Scored this awesome Fluval Spec 3 gal from Dr. F&S. I'm assuming it's the 2013 replacement of the Fluval Spec 2 gal or maybe just the middle child between the Spec 2 and Spec 5. lol. I replaced the stock LED light for the 13w CF Fluval light that normally comes with the Fluval Ebi or Flora tanks. Still looking for a nice small piece of driftwood or rock to put in the middle. I plan to add a Mystery Snail and maybe Cory. Tank stats can be found in my signature at the bottom. Enjoy!


----------



## Starchild21 (Jan 12, 2013)

Your reef tank is amazing! I love it!


----------



## Sparrowhawk (Nov 19, 2012)

Both tanks look beautiful! ^.^


----------



## Mr2KiEu (Jan 25, 2013)

^^Thank you! I've been kinda neglecting the reef tank ever since I got the Betta. lol


----------



## BearMitten (Jan 17, 2013)

how did you plant the micro sword? Both tanks look very very cool. I purchased some micro sword and when I got them out of their little planter fiber things they all just seemed to split apart.


----------



## Mr2KiEu (Jan 25, 2013)

BearMitten said:


> how did you plant the micro sword?
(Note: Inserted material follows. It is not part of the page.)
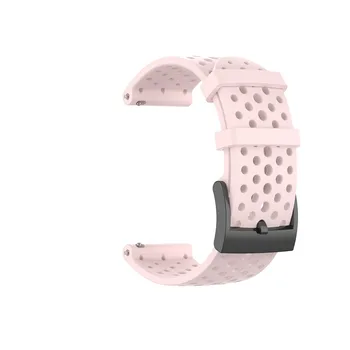Hingav Silikoon rihmad Suunto 9/D5/9 Baro (kõrgusmõõdik / baromeeter/Spartan Sport Randme HR Smart Watch Terasest Pin Pannal Rihma Asendada Watchbands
Both tanks look very very cool. I purchased some micro sword and when I got them out of their little planter fiber things they all just seemed to split apart.


 
I bought my Micro Sword from Petsmart for $8.99. They didn't have any fiber stuck to them, but they did have some sort of gel that I had to wash off. They were pretty healthy and was stuck together. I've read somewhere that people use tweezers to plant with. Hope that helps!


----------



## Mr2KiEu (Jan 25, 2013)

Made a quick trip to Aqua Forest Aquarium in San Francisco today. It's a ADA (Amano Design Aquarium) inspired store that specializes in freshwater NPT aquascapes. Found the perfect piece of driftwood that they called "Branch Wood" and some Anubias. Saw a nice AIO 2.3gal tank that I was so tempted to buy. It looks like a smaller version of the Fluval Spec V but smaller footprint, better quality and thicker glass! I was able to resist.....for now. LoL

Thought you guys would like to see some pics of this AMAZING store. Here are some pics of the tanks they had setup around the store and the Branch Wood being added to my Spec III. Enjoy!


----------



## tekkguy (Jan 28, 2013)

That 2 gallon you skipped looks awesome!! Did you happen to see what brand it was?


----------



## Otterfun (Dec 31, 2012)

where is the place?
Looks like Union Street, Castro or Marina...used to love in SF, miss the city


----------



## Mr2KiEu (Jan 25, 2013)

tekkguy said:


> That 2 gallon you skipped looks awesome!! Did you happen to see what brand it was?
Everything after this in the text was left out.